• _Your task_: Please transcribe every record below exactly, leaving out the pictures.

--- START ---

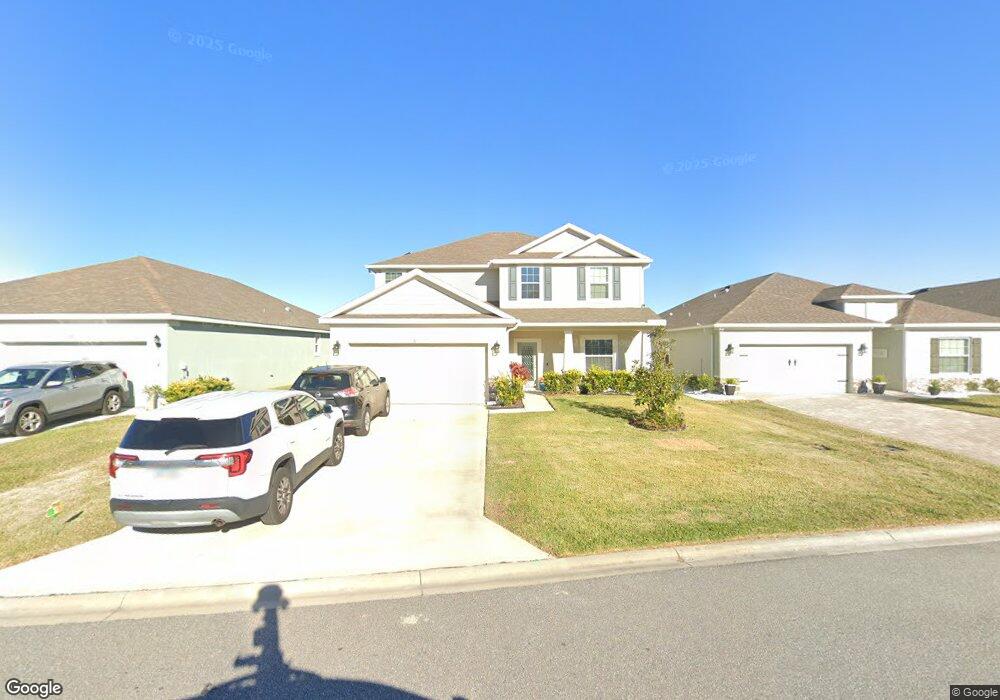 71 Oakleaf Way, Palm Coast, FL 32137 - photo 1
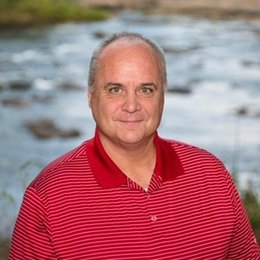 Jim Fain - Broker in Milledgeville, GA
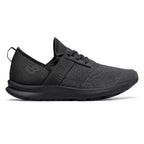 Souliers New Balance Nergize (femmes)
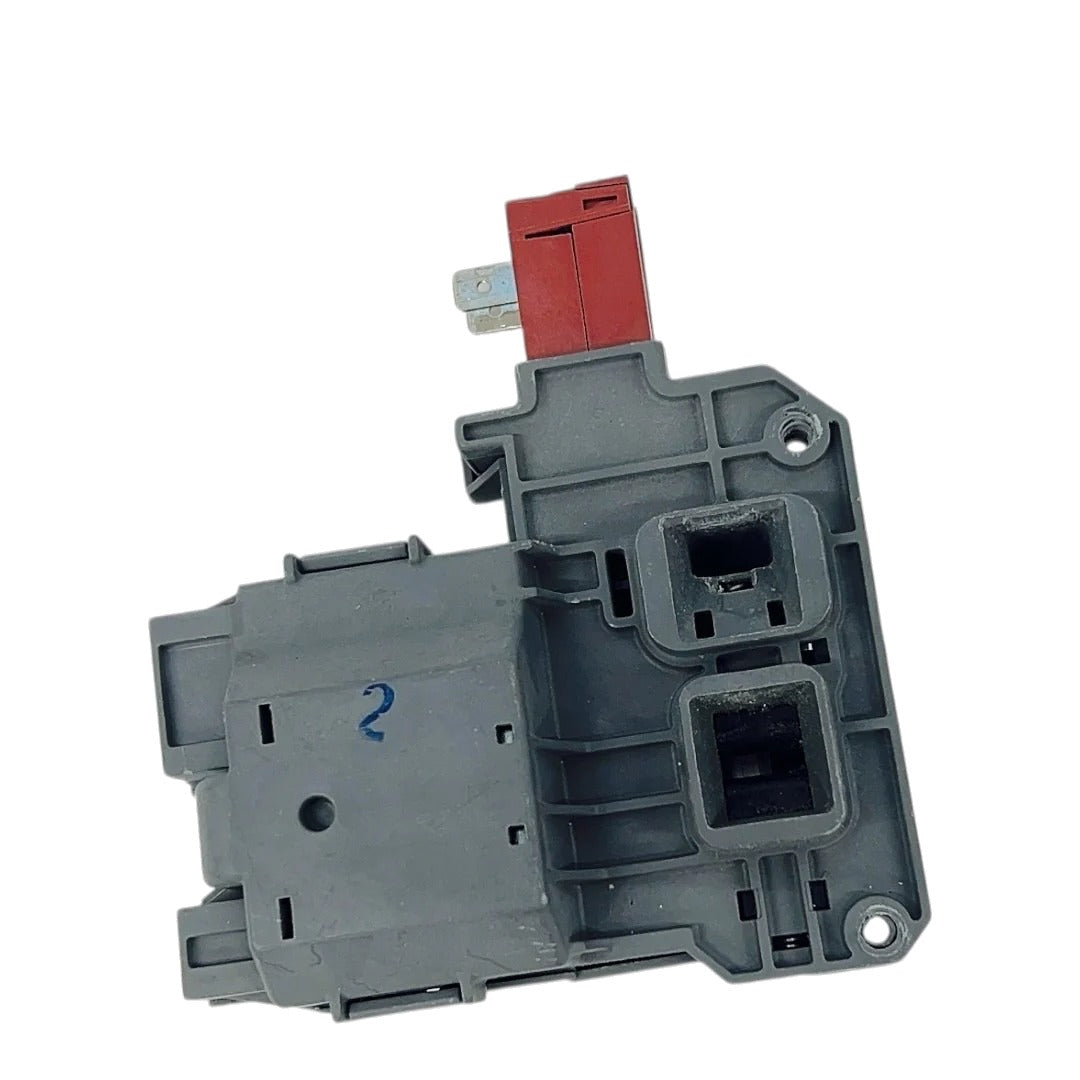 Frigidaire Electrolux Kenmore Washer Door Lock Assembly 131763255, 131763256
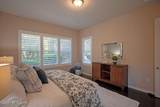 9197 Sweet Berry Court - Photo 29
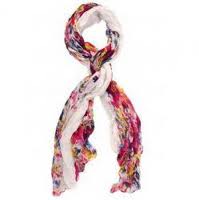 فروشگاه اینترنتی شال hps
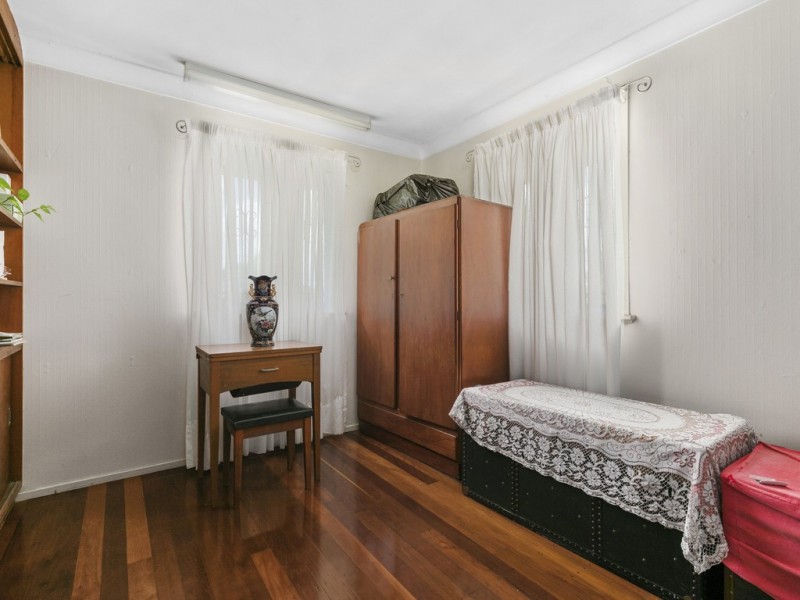 13 Rickwood Street, Carina QLD 4152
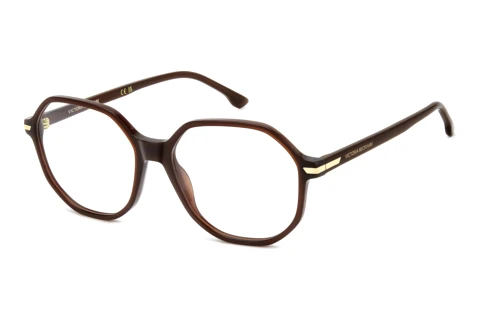 Eyewear Victoria Beckham VB 1031 09Q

--- END ---

• _Answer to the problem_:
 71 Oakleaf Way, Palm Coast, FL 32137 - photo 1
 Jim Fain - Broker in Milledgeville, GA
 Souliers New Balance Nergize (femmes)
 Frigidaire Electrolux Kenmore Washer Door Lock Assembly 131763255, 131763256
 9197 Sweet Berry Court - Photo 29
 فروشگاه اینترنتی شال hps
 13 Rickwood Street, Carina QLD 4152
 Eyewear Victoria Beckham VB 1031 09Q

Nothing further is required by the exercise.